Kemudian, diikuti penampilan gemilang Vincent Andrian-Elizabeth Marthalia yang meraih dua emas pada nomor preamateur standard dan free for all quick step, dan Mohammad Gozali/Enung pada nomor free for all slow foxtrot.

Sementara itu, selain atlet Jabar yang berforma maksimal, pasangan atlet Jawa Timur yakni Albert Juwono/Tania Christabela Tungka juga tidak bisa dipandang sebelah mata.

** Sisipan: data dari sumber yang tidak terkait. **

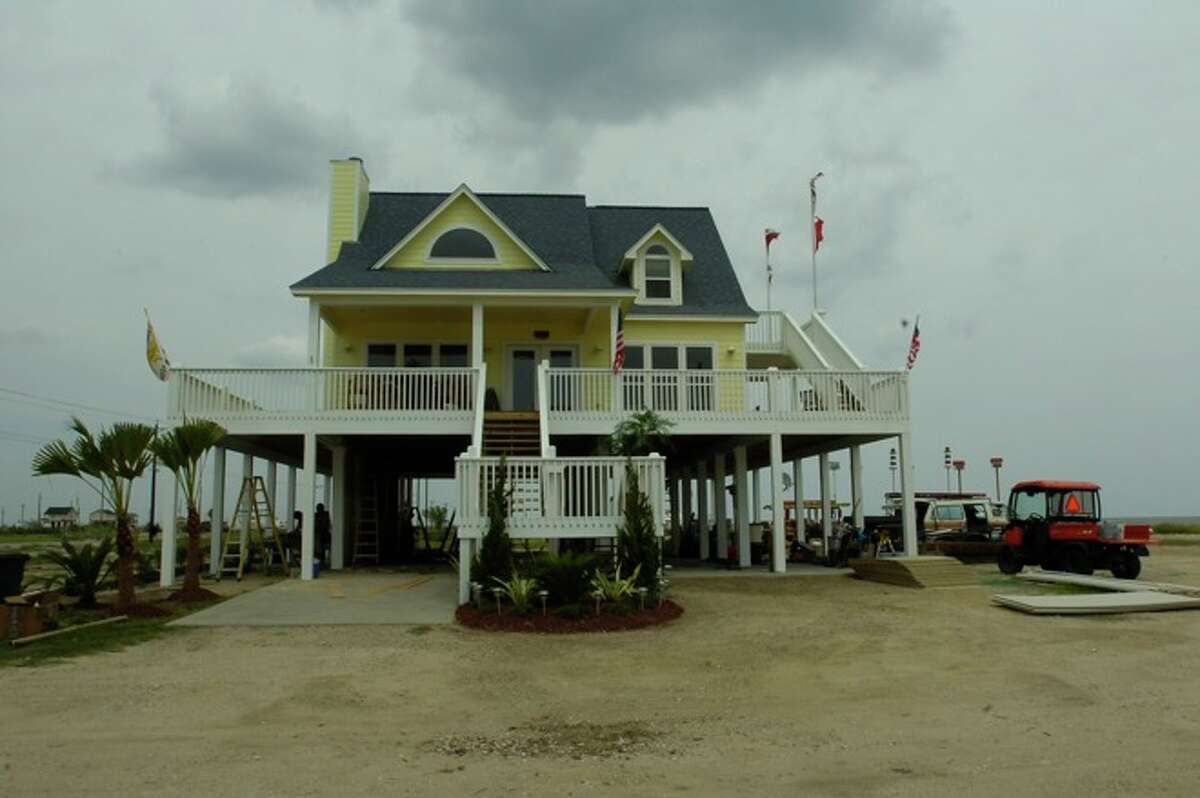 The last house standing in Gilchist is still standing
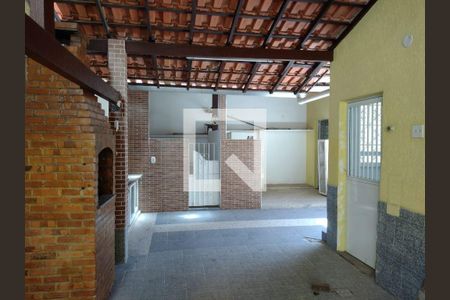 Casa à venda com 2 quartos, 126m² em Itaipu, Niterói
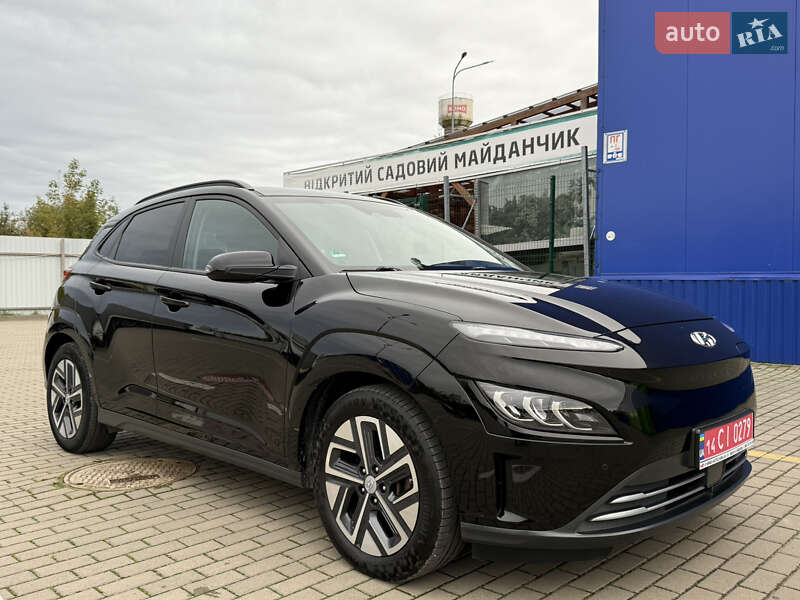 Внедорожник / Кроссовер Hyundai Kona 2022 в Дубно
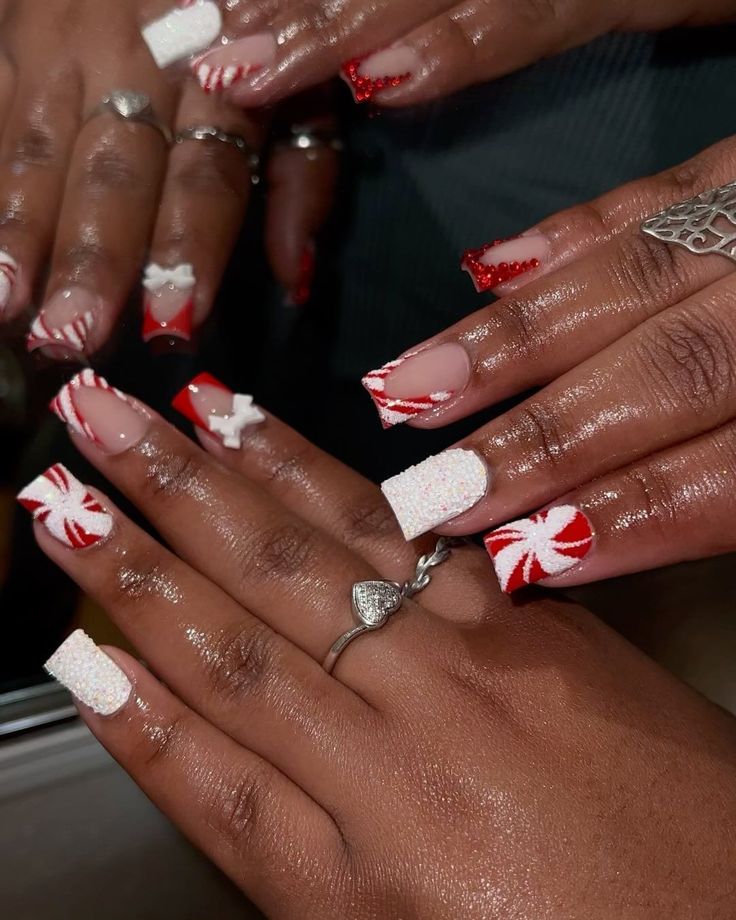 STILETTO IN A COFFIN 🔪 (@stilettoinacoffin) • Instagram photos and videos Christmas Nail Inspo Black Women, Mail Designs Christmas, Christmas Themed French Tip Nails, Santa Claus Nail Design, Candy Cain Nail, Christmas Nails On Black Women, Christmas Shorties Nails, Shorties Christmas Nails, Square Christmas Nails Short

Kedua atlet ini mampu meraih tiga emas dari nomor free for all rumba latin, free for all jive, dan amateur latin dari total empat emas yang diperoleh Jatim pada cabang olahraga dancesport.



     Ramai penonton


Pertandingan dansa PON Jabar selalu ramai penonton. Ballroom Hotel Harris dengan kapasitas 1.000 penonton selalu penuh disesaki penonton, mulai dari anak sekolah, "suporter", para penggemar dansa, dan pelaku seni tari.

Kehadiran ratusan penonton ini tak lain karena olahraga dansa sebenarnya juga pertunjukan seni.

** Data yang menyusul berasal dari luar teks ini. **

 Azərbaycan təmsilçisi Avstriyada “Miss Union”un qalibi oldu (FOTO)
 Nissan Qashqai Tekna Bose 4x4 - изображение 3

Belasan pasangan berlengak-lenggok mengikuti iringan musik latin, cha-cha, rumba, jive, samba, quick step, waltz, dan tango.

Mereka tampil prima, bukan hanya dalam gerak tapi juga dari sisi kostum dan tata rias atau layaknya seorang raja dan ratu dansa.

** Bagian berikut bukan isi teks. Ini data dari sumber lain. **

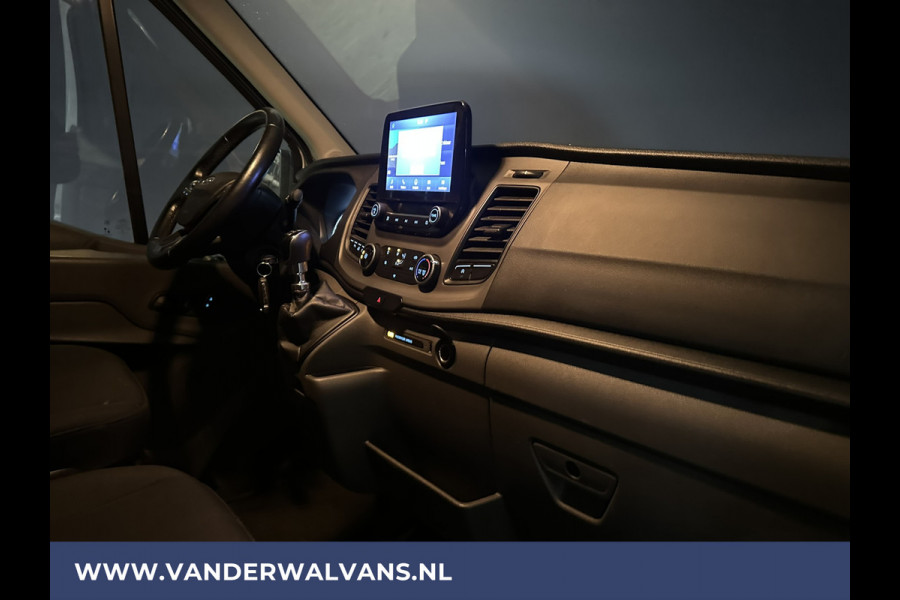 Ford Transit 2.0 TDCI 170pk L3H3 Euro6 Airco | Navigatie | 2500kg Trekhaak | Cruisecontrol Verwarmde voorruit, Parkeersensoren, Bijrijdersbank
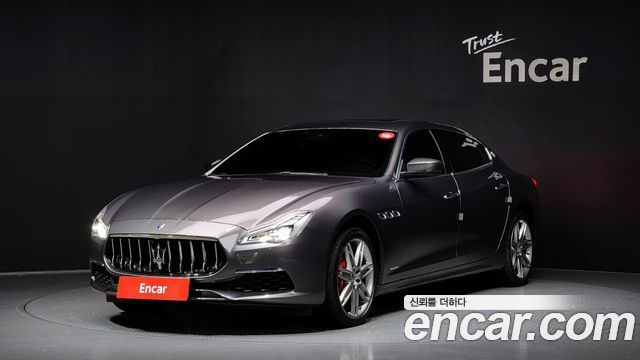 Maserati Quattroporte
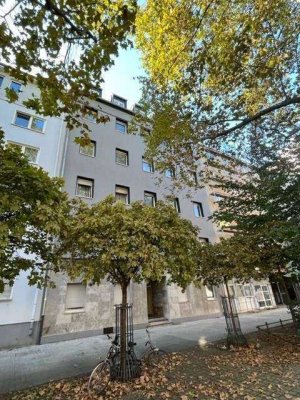 SELTENE GELEGENHEIT IM GUTLEUTVIERTEL: vermietete Altbauwohnung mit neuem Balkon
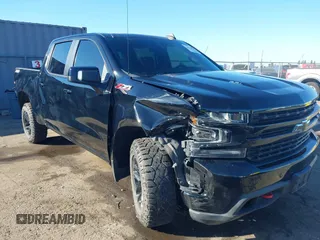 2021 Chevrolet Silverado 1500 LT Trail Boss with VIN 1GCPYFEL8MZ254411, listed as a IAAI auction lot 41313530 with 32,409 mi miles. Bid and sale history available at carsss.com. Image 1.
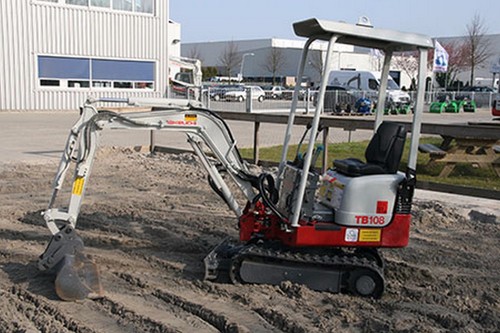 Takeuchi 108 mini digger - takeuchi, tb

Pakaian berwarna mencolok yang dikenakan atlet dipadukan dengan hiasan batu stroinski sehingga kesan mewah demikian melekat bagi yang memakainya.

Bahan pakaian juga sangat lembut dan lentur. Ketika pedansa berputar 360 derajat maka rok turut mengembang membuat gerakan menjadi lebih sempurna.

Lantaran itu, jangan heran jika baju yang dikenakan atlet dansa ini harganya bisa puluhan juta rupiah dan mesti diimpor dari luar negeri.

Maryam, atlet dansa asal Kalimantan Utara, mengaku mengenakan kostum yang harganya di atas Rp20 juta. Ia juga memiliki beberapa buah sebagai koleksi pribadi.

"Karena saya bertanding memperkuat daerah, jadi kostum dibelikan KONI," kata dia.

Selain pakaian, sepatu juga merupakan bagian terpenting untuk menunjang penampilan atlet dansa.

Demi kenyamanan dalam berlenggak-lenggok di lantai dansa, menurut Maryam, sepatu juga harus berkualitas baik sehingga saat dikenakan sangat nyaman dan tidak ada keraguan akan patah pada bagian penyangganya.

"Sepatu saya ini harganya Rp2 juta. Sebenarnya saya bisa saja pakai sepatu yang lebih murah, tapi khawatir tidak nyaman, sementara kami dituntut berperforma maksimal saat bertanding," kata dia.

Sehingga tidak heran kiranya pertandingan dansa selalu ramai penonton karena penampilan prima para atlet membuat mata nyaris tidak berkedip, belum lagi lantunan musik membuat penonton semakin menikmati sajian dansa.